:: Assigned task ::
Transcribe nothing but the lines from the one with "Navy Blue Stud" to the end of the entries, both included, keeping each exact and leaving every picture out.

:: Exercise data ::

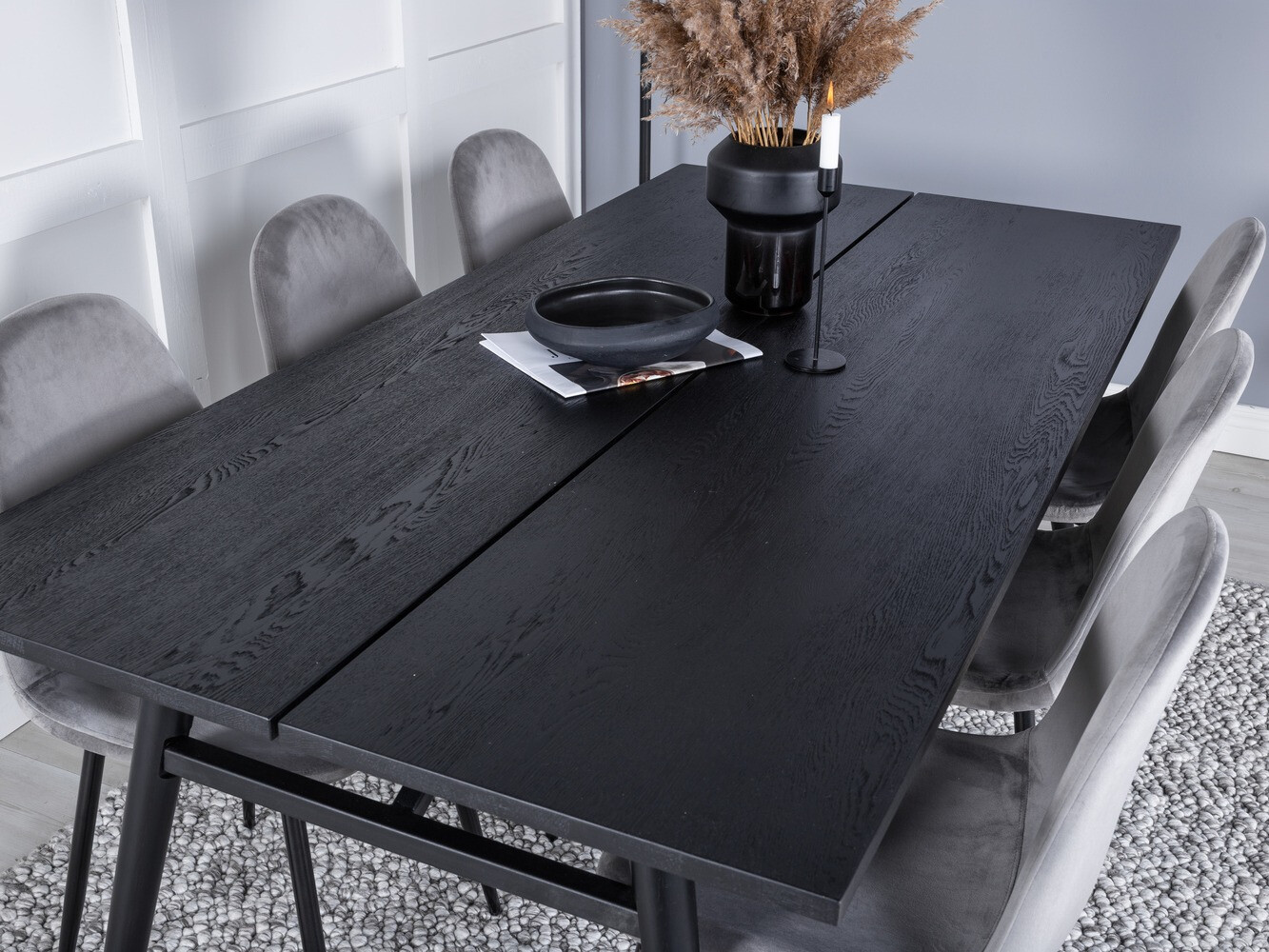 Dining set Dallas 1786 (Light grey + Black)
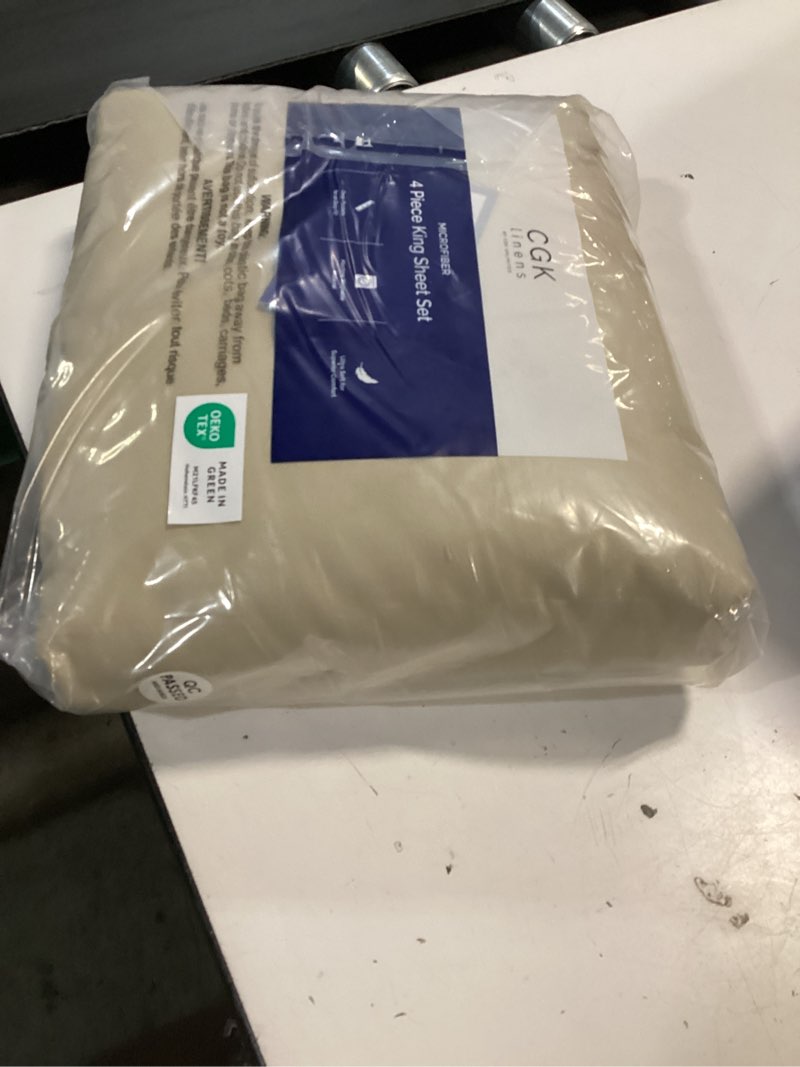 Condition photo showing Good Condition for king size 4 piece sheet set - comfy breathable & cooling bed sheets set - hotel luxury bedding for women, men, kids, teens, boys & girls - deep pockets, ultra-soft and wrinkle free - oeko-tex - beige 13 - beige king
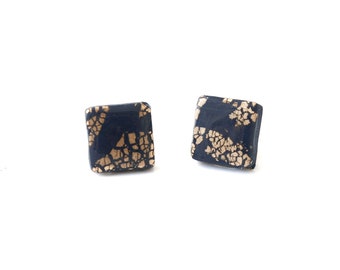 Navy Blue Stud Earrings for Women with Gold Leaf  - Simple Square Geometric Studs, Mix and Match Clay Jewellery Gifts for Her Under 5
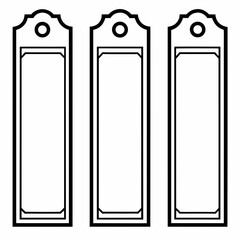 Three ornate rectangular label and frames outline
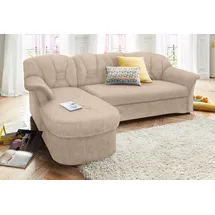 DOMO collection Ecksofa »Elva, zeitlose Formensprache, elegante Rückensteppung, L-Form«, wahlweise mit Bettfunktion und Federkern beige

:: Output for this exercise ::
 Navy Blue Stud Earrings for Women with Gold Leaf  - Simple Square Geometric Studs, Mix and Match Clay Jewellery Gifts for Her Under 5
 Three ornate rectangular label and frames outline
 DOMO collection Ecksofa »Elva, zeitlose Formensprache, elegante Rückensteppung, L-Form«, wahlweise mit Bettfunktion und Federkern beige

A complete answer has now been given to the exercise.